### PROBLEM REQUIREMENTS
Starting at the line that contains "Mint condition 19" and ending at the final line of the entries below, write out each line exactly as it appears, but omit the pictures.

:: SUPPLIED INFORMATION

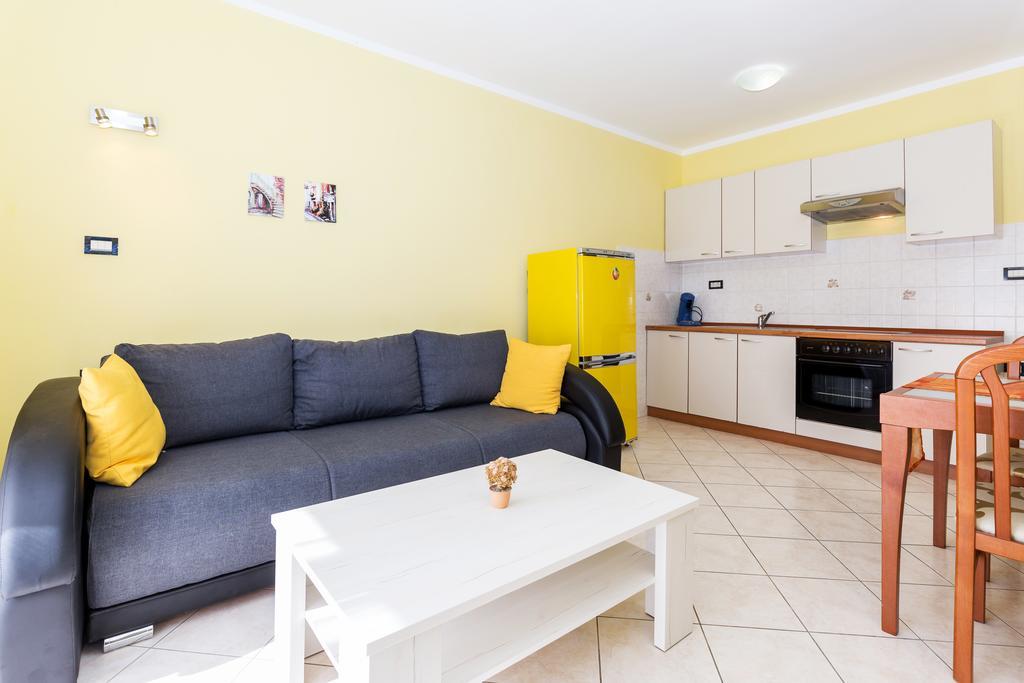 Apartments Duje Ribnica Obrovac Esterno foto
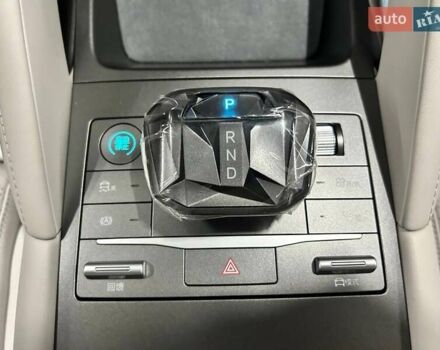 Белый БИД Yuan Up, объемом двигателя 0 л и пробегом 1 тыс. км за 19300 $, фото 11 на Automoto.ua
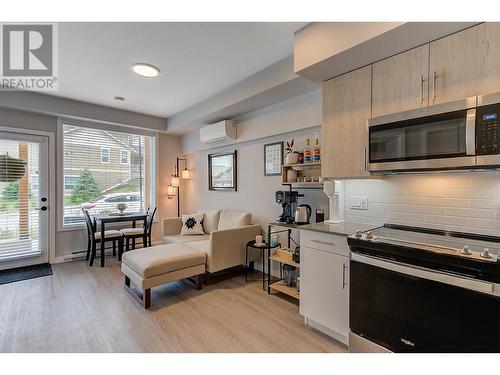 685 Boynton Place Unit# 52, Kelowna, BC - Indoor Photo Showing Kitchen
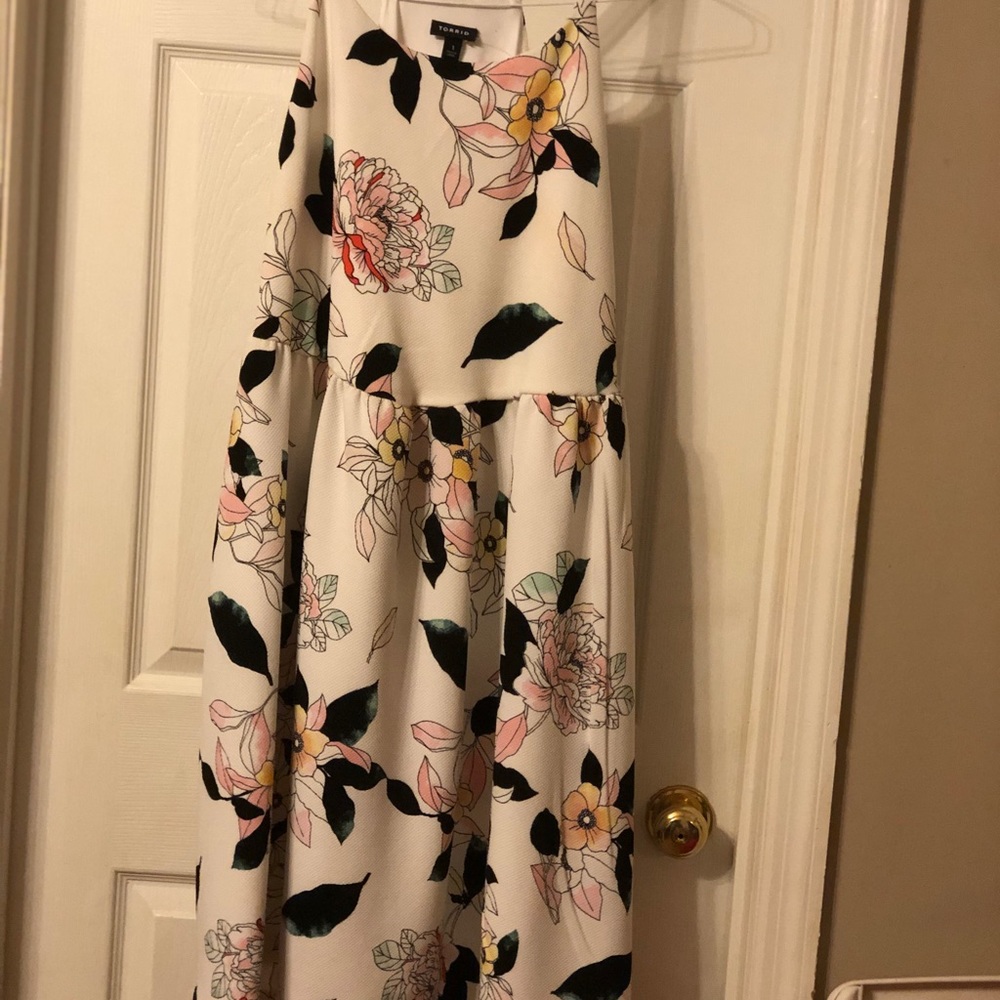 Torrid size 1 flowered dress with white.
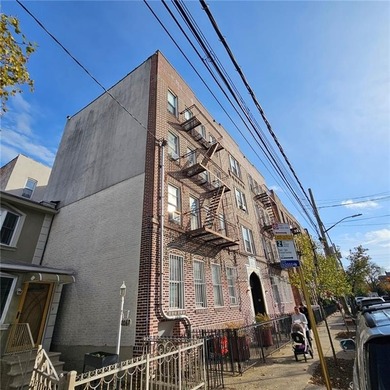 Mint condition 19 unit apartment building on East 12th Street - photo 3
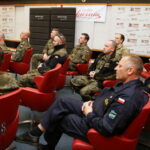 17.05.2016. Żołnierze szkolący się na Międzynarodowym Kursie Obserwatorów Wojskowych ONZ na kieleckiej Bukówce odwiedzili Radio Kielce / Kamil Król / Radio Kielce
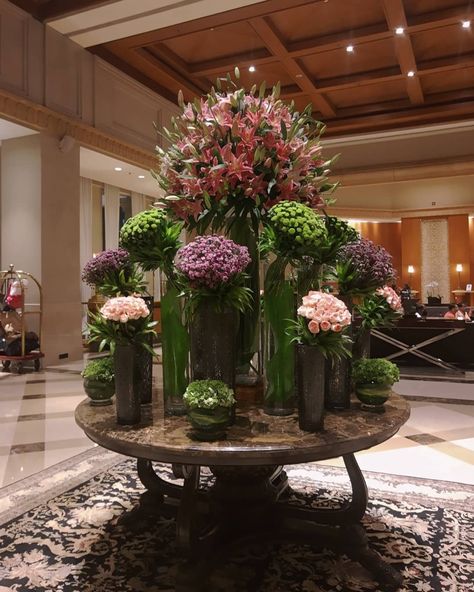 Hotel Flower Arrangements Lobbies, Lobby Flowers, Catering Decor, Hotel Flower Arrangements, Center Table Decor, Church Altar Decorations, Hotel Flowers, Flower Displays, Church Altar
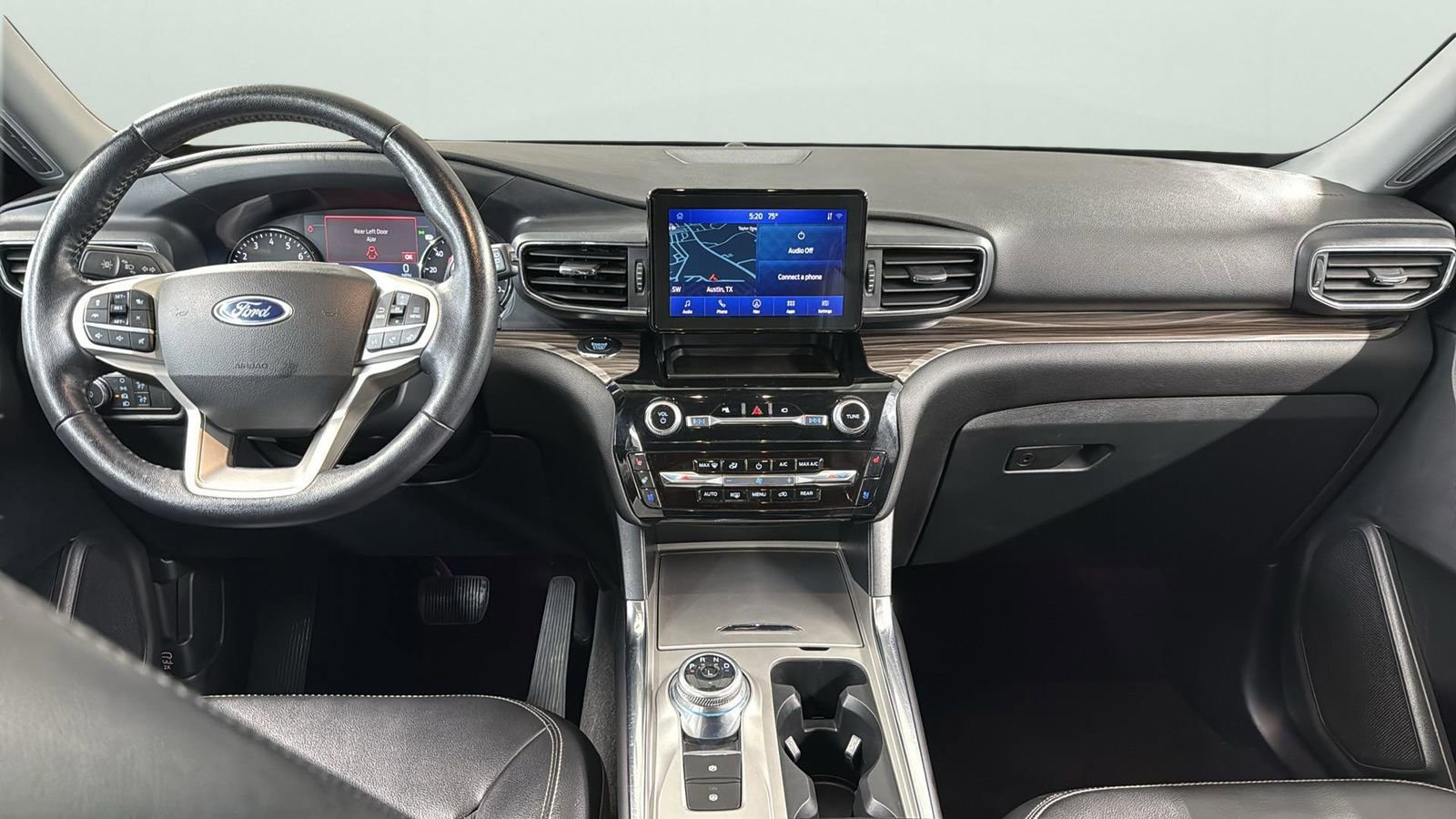 Certified 2022 Ford Explorer Limited image 22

::::

### FINISHED EXERCISE
 Mint condition 19 unit apartment building on East 12th Street - photo 3
 17.05.2016. Żołnierze szkolący się na Międzynarodowym Kursie Obserwatorów Wojskowych ONZ na kieleckiej Bukówce odwiedzili Radio Kielce / Kamil Król / Radio Kielce
 Hotel Flower Arrangements Lobbies, Lobby Flowers, Catering Decor, Hotel Flower Arrangements, Center Table Decor, Church Altar Decorations, Hotel Flowers, Flower Displays, Church Altar
 Certified 2022 Ford Explorer Limited image 22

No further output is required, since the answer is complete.